In the wake of the disconcerting 2000 presidential contest in Florida, Congress passed the Help America Vote Act in 2002.
HAVA is intended “to provide funds to States to replace punch card voting systems, to establish the Election Assistance Commission to assist in the administration of Federal elections and to otherwise provide assistance with the administration of certain Federal election laws.” But at this writing, the new Election Assistance Commission Standards Board, which is charged with producing new guidelines, has held only one hearing.
The law requires that most punch-card and lever-type machines be replaced in time for the 2004 general election and that all punch-card and lever-type machines be replaced by the time the first elections are held after Jan. 1, 2006. Federal funding will cover a substantial portion of the cost.
The law’s most controversial element is that it encourages states to screen voter-registration lists without imposing controls on how this is done.
In 2000, Florida Secretary of State Kathryn Harris — who was also George Bush’s Florida campaign manager and is now a congressional representative — contracted with a private company to purge registration lists of convicted felons (who are ineligible to vote in that state). The method used was extremely inaccurate, yet neither the state nor the company tried to verify the accuracy of the resulting list. A post-election study by Harvard University established that 90-95 percent of those denied their right to vote under this system — as many as 55,000 people — were not felons. The majority of those excluded were black voters.
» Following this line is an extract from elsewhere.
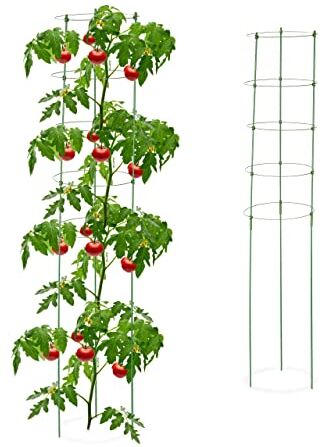 Relaxdays Sostegni Circolari per Pomodori, Piante Rampicanti, Rose, a 3 Gambe, in Metallo, HD: 150x28 cm, Verde, 70% Ferro 20% 10% plastica, Set da 2 pz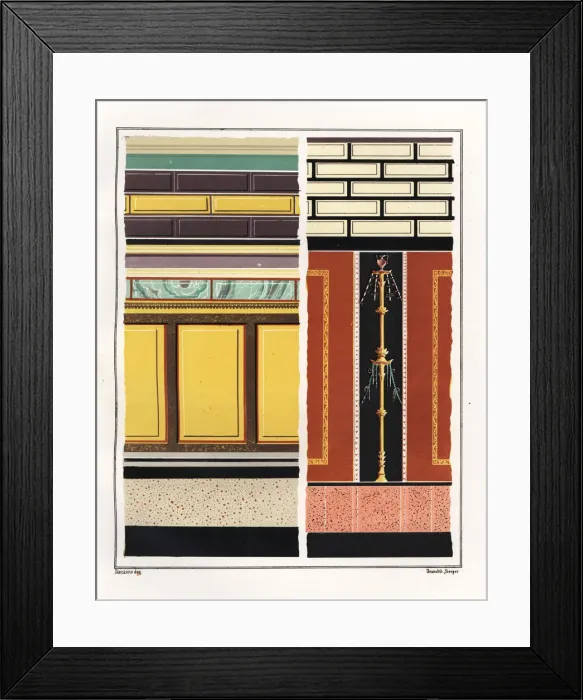 Framed Print : Wall paintings from rooms in the House of Framed Print : Wall paintings from rooms in the House of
Ninety percent of black voters pulled the lever for Gore in the Florida race, and Harvard estimated that the purge cost Al Gore 22,000 votes — in an election that was decided by less than 550.
HAVA actually requires states to create the electronic databases that make such screening possible and empowers the states to screen their lists.
Johnnie McLean, deputy director of the N.C. State Board of Elections, told Xpress that North Carolina won’t undertake such screening because state law already stipulates how felons’ voting rights are to be revoked and verified on a case-by-case basis.